Intensity dependent time‐resolved photoluminescence studies of GaN/AlGaN multiple quantum wells of varying well width on laterally overgrown a ‐plane and planar c ‐plane GaN

GaN/AlGaN multiple quantum wells (MQWs) of varying well width grown on planar c ‐plane GaN and a ‐plane GaN templates fabricated by lateral epitaxial overgrowth (LEO) have been studied by subpicosecond photoluminescence (PL) downconversion and time‐correlated single photon counting as a function of pump intensity. Although slower room temperature decays at higher carrier density are observed in both a ‐plane LEO and c ‐plane MQWs with 3 nm well width, this behavior is attributed to suppression of electric field‐enhanced recombination through the barriers and interfaces at higher carrier density in the c ‐plane MQW, while in the a ‐plane LEO MQW the sublinear dependence of the PL signal at t = 0 on pump intensity implies that the radiative lifetime in this high quality sample increases due to a reduction in excitonic oscillator strength associated with phase space filling.
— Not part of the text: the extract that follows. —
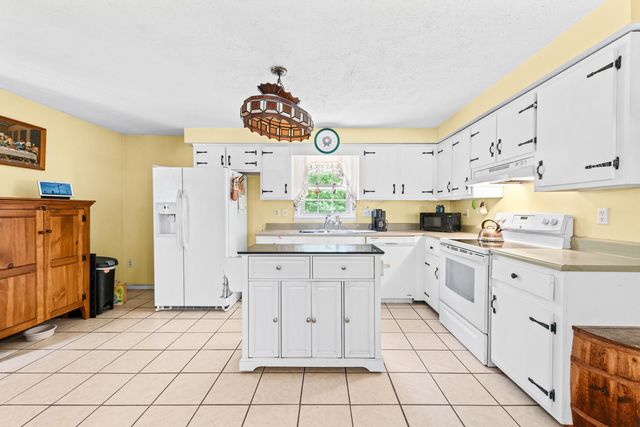 86 Mo-Sett Avenue, Goffstown, NH 03045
The combination of more intense time‐integrated PL spectra and shorter PL lifetimes with decreasing well width in the a ‐plane LEO MQWs for low pump intensity suggests that the radiative lifetime becomes shorter due to the accompanying increase in exciton binding energy and oscillator strength at smaller well width. (© 2005 WILEY‐VCH Verlag GmbH & Co. KGaA, Weinheim)